Overall, individual contributions accounted for 24% of campaign funds. That helped put Hamilton citizens in the middle of the pack compared to those in the Toronto area.
York university professor Robert MacDermid released a widely-reported study last week documenting the donations to the 131 winning candidates in Toronto and nine of its suburbs. He found dramatic differences, with citizens donating fully 75% of campaign funds to Toronto winners, but only 11.5% in Oshawa, and under 16% in both Brampton and Whitby. Mississauga, Ajax, Richmond Hill and Vaughn joined Hamilton in the 20-30% range while Markham candidates got almost half their donations from individuals.
Brampton councillors had the highest reliance on corporate largesse at 82%, with Richmond Hill and Pickering close behind at 79%. Hamilton’s 53% was fourth lowest, just behind Markham’s 52%, but still a long way from Ajax and Toronto at 29% and 19% respectively.
Hamilton easily ranked number one in union donations which accounted for nearly 9% of local contributions. The next closest in this category was Toronto at less than 3%. MacDermid’s study doesn’t indicate which unions were contributors, but in Hamilton the field was dominated by those in the construction field.
Duvall collected nearly $11,000 of the $25,000 donated by unions. Nearly all the rest went to Morelli, Whitehead, Collins, Jackson and Merulla. Winners who received no money from unions were Bratina, Clark, Eisenberger, Ferguson, McCarthy, McHattie, Mitchell, Pasuta and Powers.
MacDermid found only 17 Toronto area victors who took no corporate donations, including Toronto mayor David Miller. That amounts to less than 2% of the GTA winners – compared to more than a third of Hamilton’s elected officials.
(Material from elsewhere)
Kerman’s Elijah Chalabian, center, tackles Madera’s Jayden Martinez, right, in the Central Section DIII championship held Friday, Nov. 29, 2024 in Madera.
At the other extreme MacDermid reports that 19 councillors got more at least 90 percent of their donations from corporations.
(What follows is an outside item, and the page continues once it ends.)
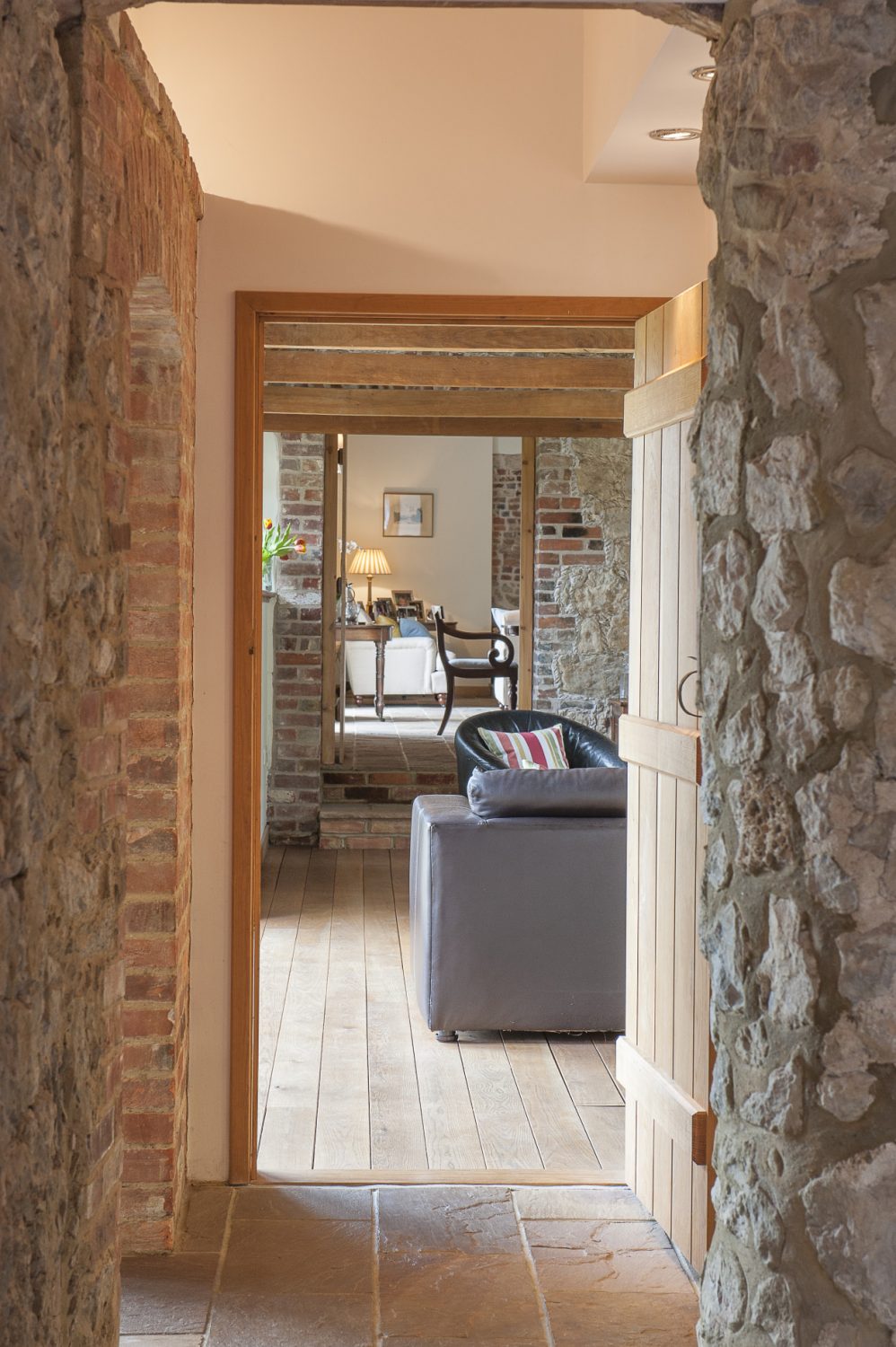 Perpendicular to the kitchen, a short corridor leads to the sitting and dining room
Among reforms he is calling for is a ban on corporate donations – a rule already adopted at the national level and in provincial politics in Manitoba and Quebec.
“Allowing corporations to give is discriminatory as it allows people who hold wealth in corporate forms to give twice to a candidate,” argues MacDermid.
The province makes these rules, a potential issue in this fall’s provincial election.